**BRIEF**. Entries follow. Give back exactly the lines starting at the one containing "Tanners Pride Handweaved" and ending at the one containing "iwangronow's tweet image.", and no other lines.

>>>

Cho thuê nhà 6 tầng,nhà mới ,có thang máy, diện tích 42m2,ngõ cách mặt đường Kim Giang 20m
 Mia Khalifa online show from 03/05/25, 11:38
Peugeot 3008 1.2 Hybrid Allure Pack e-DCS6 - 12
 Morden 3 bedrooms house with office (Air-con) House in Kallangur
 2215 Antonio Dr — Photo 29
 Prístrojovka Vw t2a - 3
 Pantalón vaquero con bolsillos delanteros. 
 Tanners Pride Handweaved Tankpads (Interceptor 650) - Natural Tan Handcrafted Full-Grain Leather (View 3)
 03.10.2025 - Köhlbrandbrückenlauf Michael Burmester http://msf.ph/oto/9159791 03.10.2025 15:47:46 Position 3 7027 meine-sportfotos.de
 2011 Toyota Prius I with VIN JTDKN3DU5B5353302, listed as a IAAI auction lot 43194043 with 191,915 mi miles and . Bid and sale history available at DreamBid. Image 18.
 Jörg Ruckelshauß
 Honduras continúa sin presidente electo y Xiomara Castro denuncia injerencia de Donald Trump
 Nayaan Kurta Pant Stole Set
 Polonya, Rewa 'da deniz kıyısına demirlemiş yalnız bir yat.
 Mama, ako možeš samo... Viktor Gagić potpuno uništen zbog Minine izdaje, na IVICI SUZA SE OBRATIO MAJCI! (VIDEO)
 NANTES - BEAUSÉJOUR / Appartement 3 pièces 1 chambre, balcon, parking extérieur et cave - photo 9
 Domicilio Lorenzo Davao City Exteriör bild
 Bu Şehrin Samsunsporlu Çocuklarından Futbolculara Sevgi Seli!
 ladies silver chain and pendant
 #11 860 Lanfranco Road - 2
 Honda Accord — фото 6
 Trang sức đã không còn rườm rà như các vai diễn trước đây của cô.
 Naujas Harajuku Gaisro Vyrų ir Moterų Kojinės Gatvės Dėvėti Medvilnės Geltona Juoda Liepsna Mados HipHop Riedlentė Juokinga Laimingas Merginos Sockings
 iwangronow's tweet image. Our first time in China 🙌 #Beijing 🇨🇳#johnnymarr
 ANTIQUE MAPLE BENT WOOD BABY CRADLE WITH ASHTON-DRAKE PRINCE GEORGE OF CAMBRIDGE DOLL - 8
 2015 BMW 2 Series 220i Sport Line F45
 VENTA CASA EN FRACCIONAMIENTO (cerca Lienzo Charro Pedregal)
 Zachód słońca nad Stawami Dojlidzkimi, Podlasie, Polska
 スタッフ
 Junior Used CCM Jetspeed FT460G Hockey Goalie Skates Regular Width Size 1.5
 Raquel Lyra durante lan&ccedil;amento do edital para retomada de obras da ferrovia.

<<<

**FINAL ANSWER**.
 Tanners Pride Handweaved Tankpads (Interceptor 650) - Natural Tan Handcrafted Full-Grain Leather (View 3)
 03.10.2025 - Köhlbrandbrückenlauf Michael Burmester http://msf.ph/oto/9159791 03.10.2025 15:47:46 Position 3 7027 meine-sportfotos.de
 2011 Toyota Prius I with VIN JTDKN3DU5B5353302, listed as a IAAI auction lot 43194043 with 191,915 mi miles and . Bid and sale history available at DreamBid. Image 18.
 Jörg Ruckelshauß
 Honduras continúa sin presidente electo y Xiomara Castro denuncia injerencia de Donald Trump
 Nayaan Kurta Pant Stole Set
 Polonya, Rewa 'da deniz kıyısına demirlemiş yalnız bir yat.
 Mama, ako možeš samo... Viktor Gagić potpuno uništen zbog Minine izdaje, na IVICI SUZA SE OBRATIO MAJCI! (VIDEO)
 NANTES - BEAUSÉJOUR / Appartement 3 pièces 1 chambre, balcon, parking extérieur et cave - photo 9
 Domicilio Lorenzo Davao City Exteriör bild
 Bu Şehrin Samsunsporlu Çocuklarından Futbolculara Sevgi Seli!
 ladies silver chain and pendant
 #11 860 Lanfranco Road - 2
 Honda Accord — фото 6
 Trang sức đã không còn rườm rà như các vai diễn trước đây của cô.
 Naujas Harajuku Gaisro Vyrų ir Moterų Kojinės Gatvės Dėvėti Medvilnės Geltona Juoda Liepsna Mados HipHop Riedlentė Juokinga Laimingas Merginos Sockings
 iwangronow's tweet image. Our first time in China 🙌 #Beijing 🇨🇳#johnnymarr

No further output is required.